Task item ::
Below are the records; repeat exactly their lines between the line holding "Photo of Elegant" and the line holding "a bedroom with", inclusive, skipping the pictures.

Recorded information ::

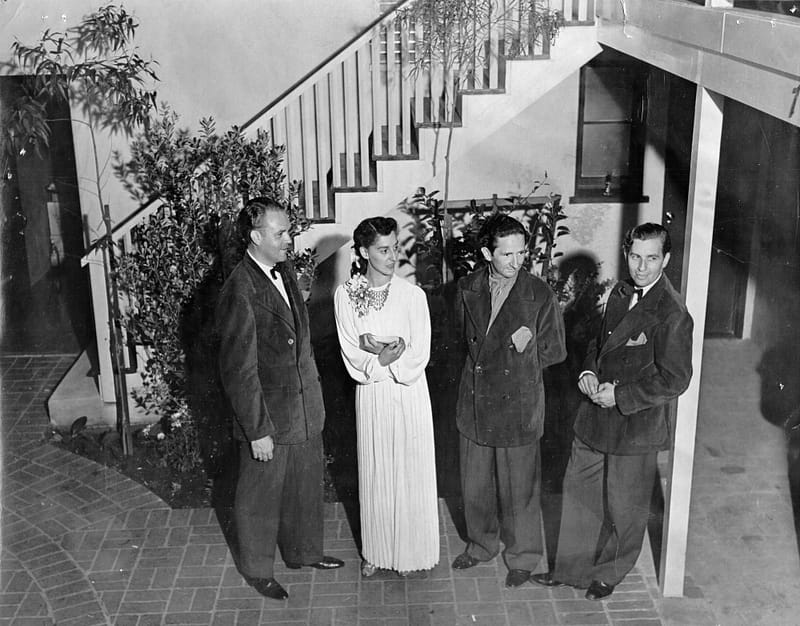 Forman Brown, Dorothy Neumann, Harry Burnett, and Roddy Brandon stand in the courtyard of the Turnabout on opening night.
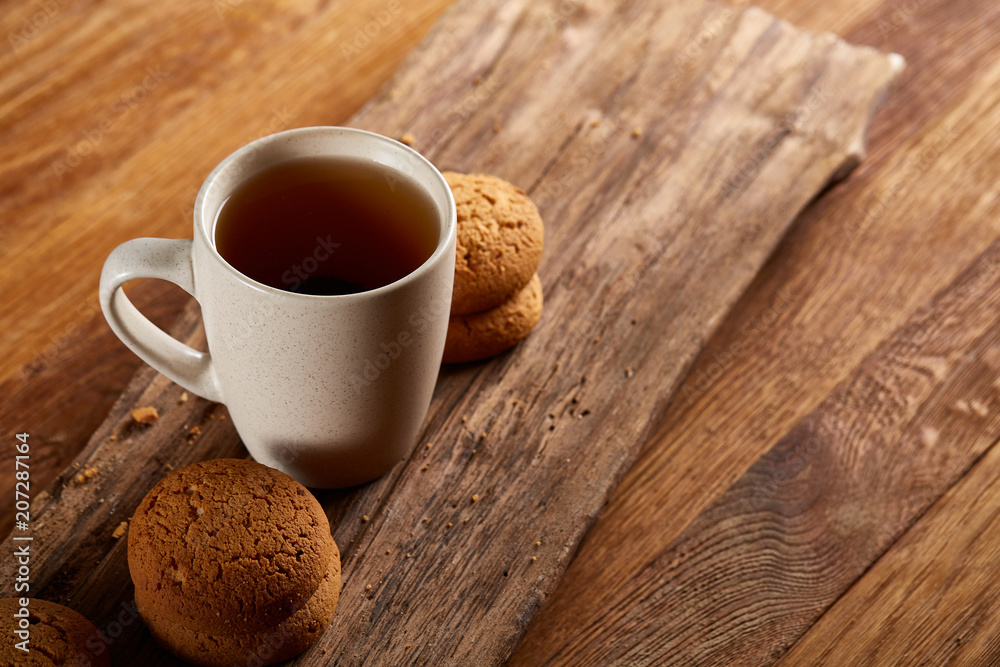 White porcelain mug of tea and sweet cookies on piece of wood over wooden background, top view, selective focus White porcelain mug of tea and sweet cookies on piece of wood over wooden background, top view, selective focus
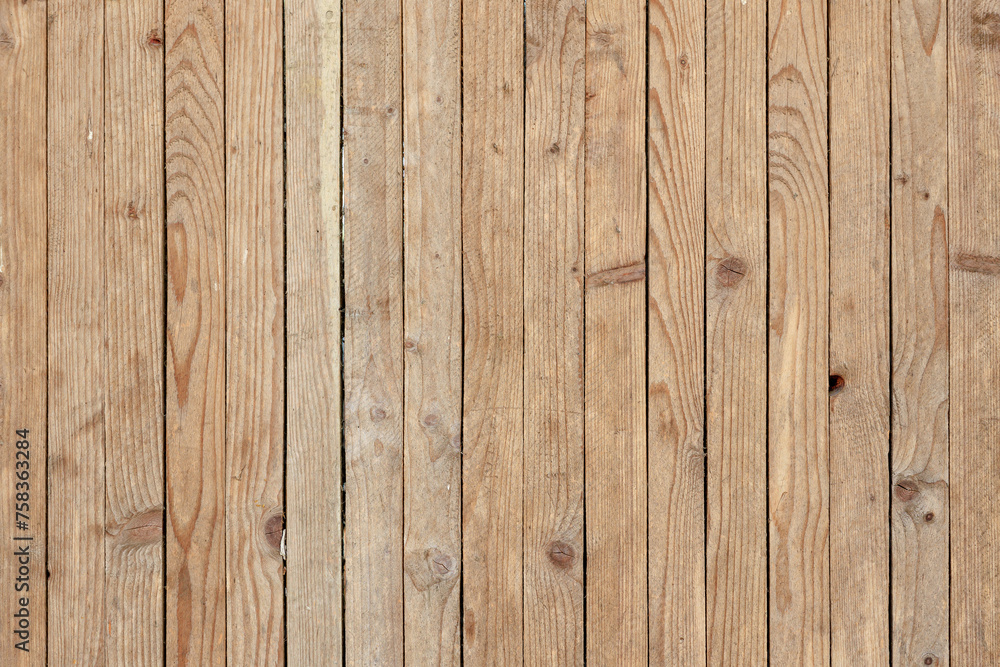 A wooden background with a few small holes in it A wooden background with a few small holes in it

...

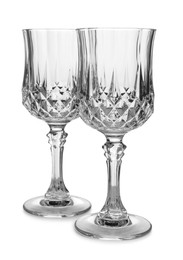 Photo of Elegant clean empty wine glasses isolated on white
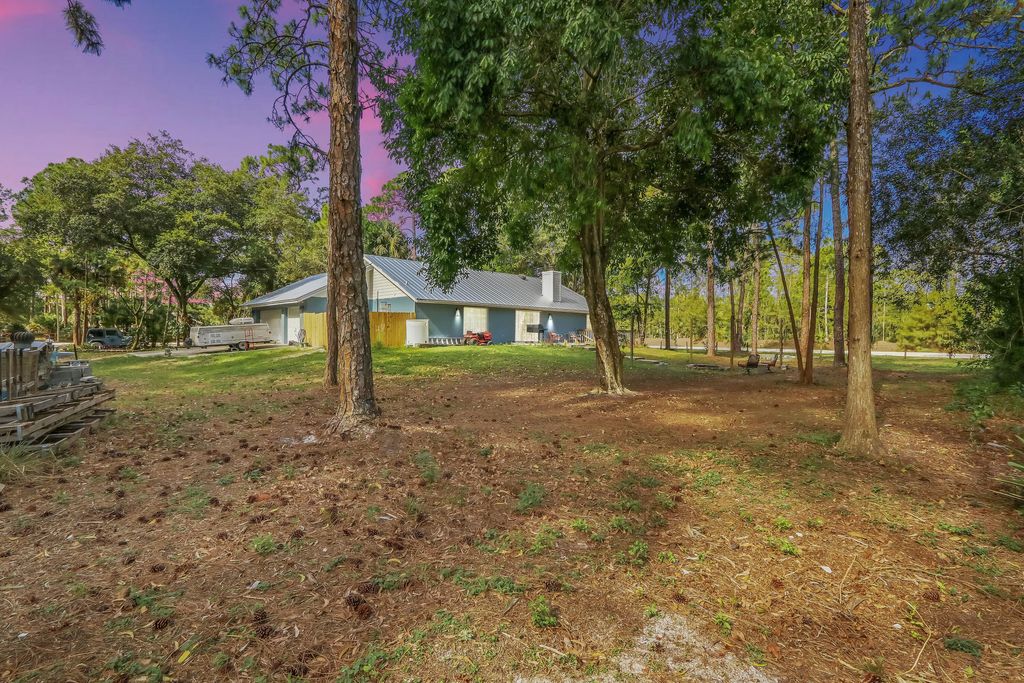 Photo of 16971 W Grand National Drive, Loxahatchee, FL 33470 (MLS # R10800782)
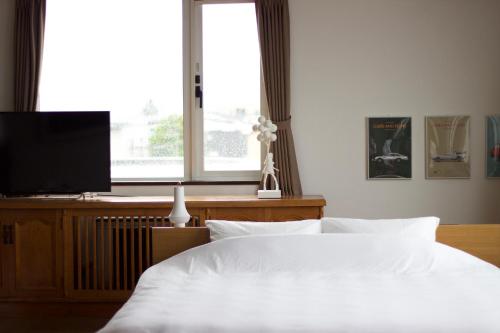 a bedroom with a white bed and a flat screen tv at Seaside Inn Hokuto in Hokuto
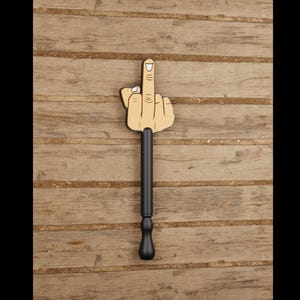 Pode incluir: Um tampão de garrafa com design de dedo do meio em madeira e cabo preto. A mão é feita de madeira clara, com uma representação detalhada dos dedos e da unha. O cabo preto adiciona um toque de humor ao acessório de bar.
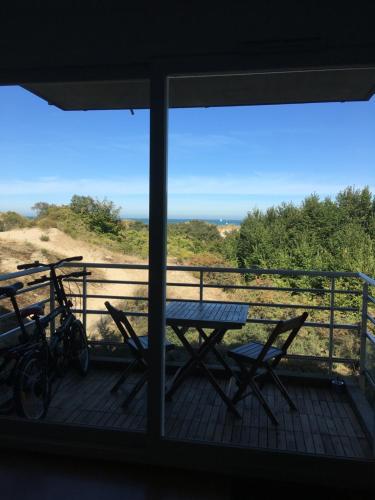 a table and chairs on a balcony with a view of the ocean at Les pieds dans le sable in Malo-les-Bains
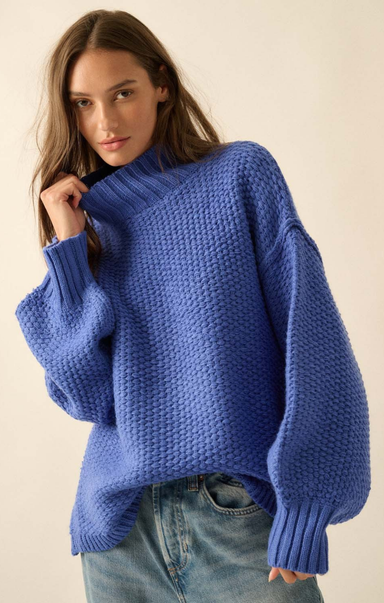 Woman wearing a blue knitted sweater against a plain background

* * *

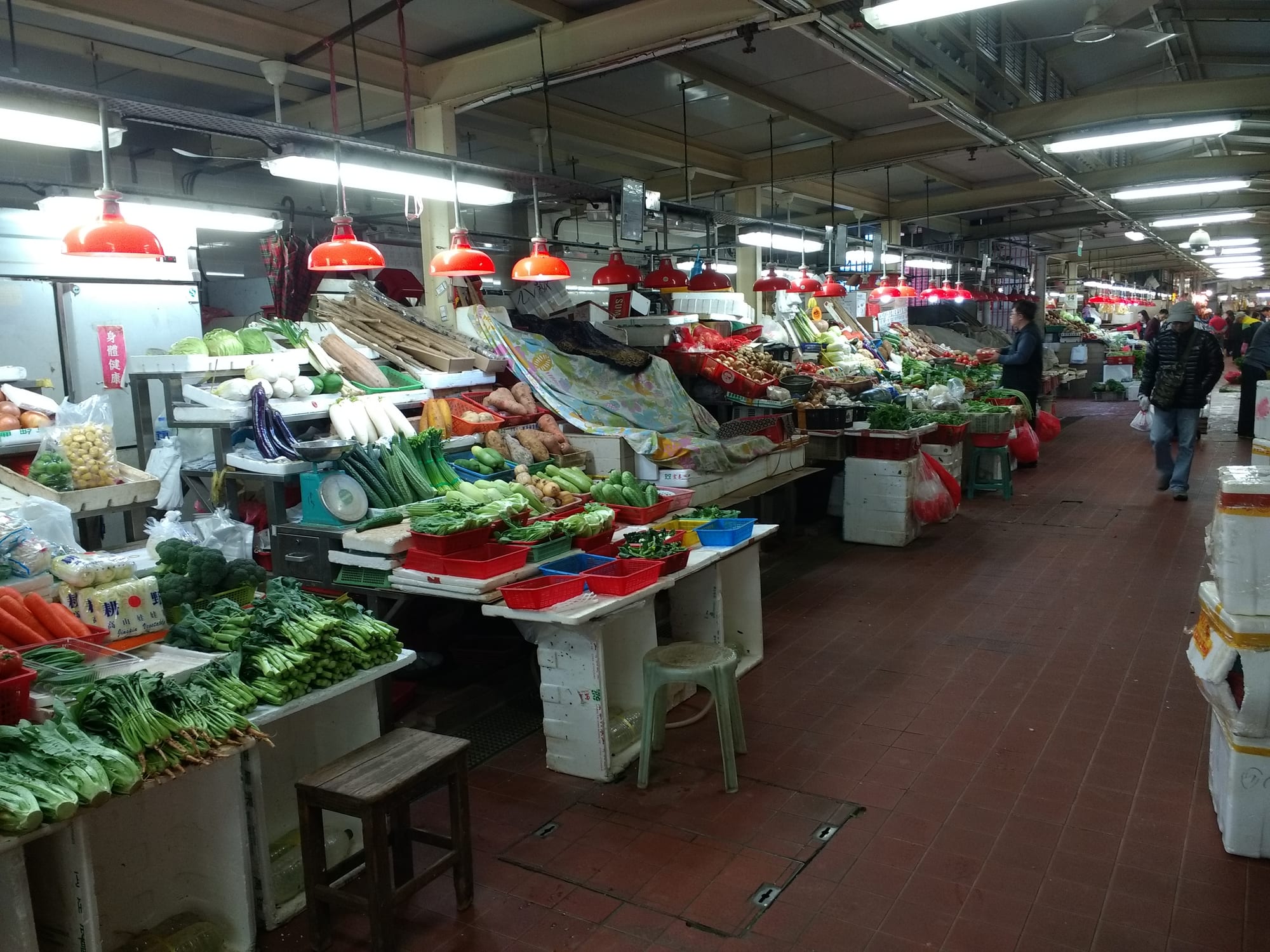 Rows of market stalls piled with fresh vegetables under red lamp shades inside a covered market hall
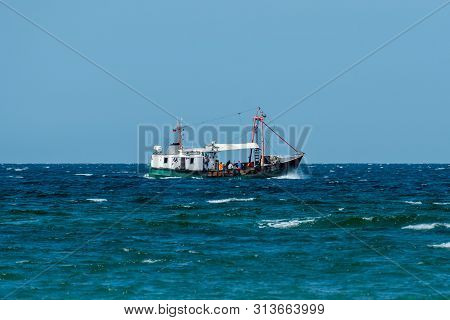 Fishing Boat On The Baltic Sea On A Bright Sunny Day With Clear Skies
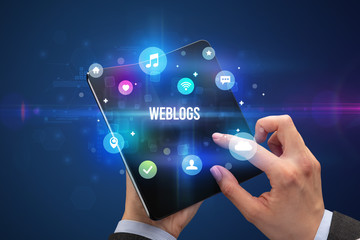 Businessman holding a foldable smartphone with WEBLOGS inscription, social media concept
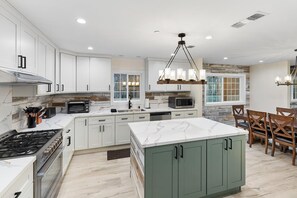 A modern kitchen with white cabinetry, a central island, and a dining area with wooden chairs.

Problem solution ::
 Photo of Elegant clean empty wine glasses isolated on white
 Photo of 16971 W Grand National Drive, Loxahatchee, FL 33470 (MLS # R10800782)
 a bedroom with a white bed and a flat screen tv at Seaside Inn Hokuto in Hokuto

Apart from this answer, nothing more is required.